It all started when my sister wanted me to stay and sit in on her last class in law school. (I doodled to look busy!) Sensing that- for once- she wanted me to stay and I waned to go, naturally, I exploited the opportunity to score some free dinner. It kinda worked! The twenty dollar budget she gave me was surprisingly generous, although simply paying for the dinner would have been the true mark of a gentle(wo)man.
We went to Province. It is a concept (being "green" and all up in your face about it) restaurant, with the decor falling somewhere between A Bug's Life and minimalist, pseudo-zen simplicity. Located in the West Loop, the clientele was mostly older (but not elderly) folks, and the over-tanned sluts- who dress like life is one big bachelorette party- that could be their progeny.
Our waitress was very nice, and I liked her. However, she seemed to abide by the magicians' code of "Always leave them wanting more," because we saw her maybe three times over the course of our two hours there.
Bitching aside, the food was very good. I'll leave it up to Erica "Stabby" S. to spiel about her issues with the service and why she hates vegetables. The menu at Provice is arranged by size: small bites, like oysters, come first; then appetizers, small plates, big plates, and bigger (normal entree size) plates. We each got an appetizer and a big/er plate.
Pictured above is the appetizer Erica got- It is salt, seasoned with flatbread, arugula, something simply called "cheese," and a slow-poached egg. I got Summer Corn Chowder with Crab and some other stuff. It had a slightly spicy zing to it that I enjoyed, but the obvious enthusiasm the chef has for corn overpowered the crab. If it wasn't for the texture across my tongue, I would never had guessed the crab was there at all.

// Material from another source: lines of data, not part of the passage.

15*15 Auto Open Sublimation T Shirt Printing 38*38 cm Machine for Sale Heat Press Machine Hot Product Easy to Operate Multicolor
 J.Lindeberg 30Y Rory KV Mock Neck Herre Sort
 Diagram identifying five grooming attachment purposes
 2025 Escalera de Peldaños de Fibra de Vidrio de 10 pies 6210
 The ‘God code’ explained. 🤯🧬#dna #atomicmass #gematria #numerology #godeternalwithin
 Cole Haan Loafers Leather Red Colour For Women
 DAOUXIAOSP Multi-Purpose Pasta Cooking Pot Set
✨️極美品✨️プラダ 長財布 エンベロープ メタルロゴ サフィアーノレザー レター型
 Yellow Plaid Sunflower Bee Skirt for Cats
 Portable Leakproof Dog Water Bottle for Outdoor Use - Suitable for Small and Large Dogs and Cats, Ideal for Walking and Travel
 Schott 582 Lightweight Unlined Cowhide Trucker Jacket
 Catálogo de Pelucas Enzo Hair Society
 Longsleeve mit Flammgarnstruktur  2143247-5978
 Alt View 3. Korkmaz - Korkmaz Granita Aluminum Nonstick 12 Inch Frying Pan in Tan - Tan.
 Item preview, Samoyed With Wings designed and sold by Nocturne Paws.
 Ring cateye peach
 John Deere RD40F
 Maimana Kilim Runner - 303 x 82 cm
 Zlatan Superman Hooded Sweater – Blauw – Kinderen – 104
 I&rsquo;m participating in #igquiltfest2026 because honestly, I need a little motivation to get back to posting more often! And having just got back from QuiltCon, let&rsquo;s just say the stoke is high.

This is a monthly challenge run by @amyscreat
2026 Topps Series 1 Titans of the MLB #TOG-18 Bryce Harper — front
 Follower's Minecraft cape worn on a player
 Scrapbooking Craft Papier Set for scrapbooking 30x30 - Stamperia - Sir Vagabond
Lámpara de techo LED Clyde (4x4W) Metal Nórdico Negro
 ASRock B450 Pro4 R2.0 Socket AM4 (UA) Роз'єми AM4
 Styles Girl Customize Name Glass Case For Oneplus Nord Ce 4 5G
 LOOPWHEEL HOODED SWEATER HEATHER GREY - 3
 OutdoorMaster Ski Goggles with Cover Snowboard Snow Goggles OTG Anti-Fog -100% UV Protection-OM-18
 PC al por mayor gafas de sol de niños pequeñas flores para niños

The entrees were very good. Again, I leave it to Erica to explain her over-seared ahi and vegeable drama. I got the Ten Hour BBQ'd Lamb. The menu said it comes with roasted eggplant, chorizo, and cornbread. The size of the dish was more than adequate (you never know what you're gonna get with these concept places) and had two hunks of tender, fat-like-butta lamb, each the size of those superfluous baby shoes people buy for their infants even though they're too young to walk. The meat was luxurious and moist, like Cinemax soft-core in my mouth, and I didn't have to use my knife even once during the meal. My only gripe? The plate looked like a bowl of turdy dog food. The vegetable, chorizo and cornbread (more of a meal than bread) were smushed into one lumpy brown mess resembling something more like coffee grounds and breakfast vomit than the tasty accompaniment it actually was. But hey, if I was so concerned with appearances, I'd stop dressing like I just had a baby and hop on a treadmill. Entree was a win.
For our comped dessert, Erica got a lonely scoop of cinnamon ice cream and I (being way more fun than her) got the peanut butter and chocloate flan "sandwich." The flan was from the firm school of pudding-making, but I guess it was necessary in order to support the crispy, cookies 'n cream square between the two flavors, as well as the scoop of chocolate sorbet on top. Another win.
Overall, the food was awesome but the service sucked. Powerful sucked. I wish we could have tipped the busser/expo guy instead. 6.7 smugly bragging seasonal locavores in backless dresses out of 9.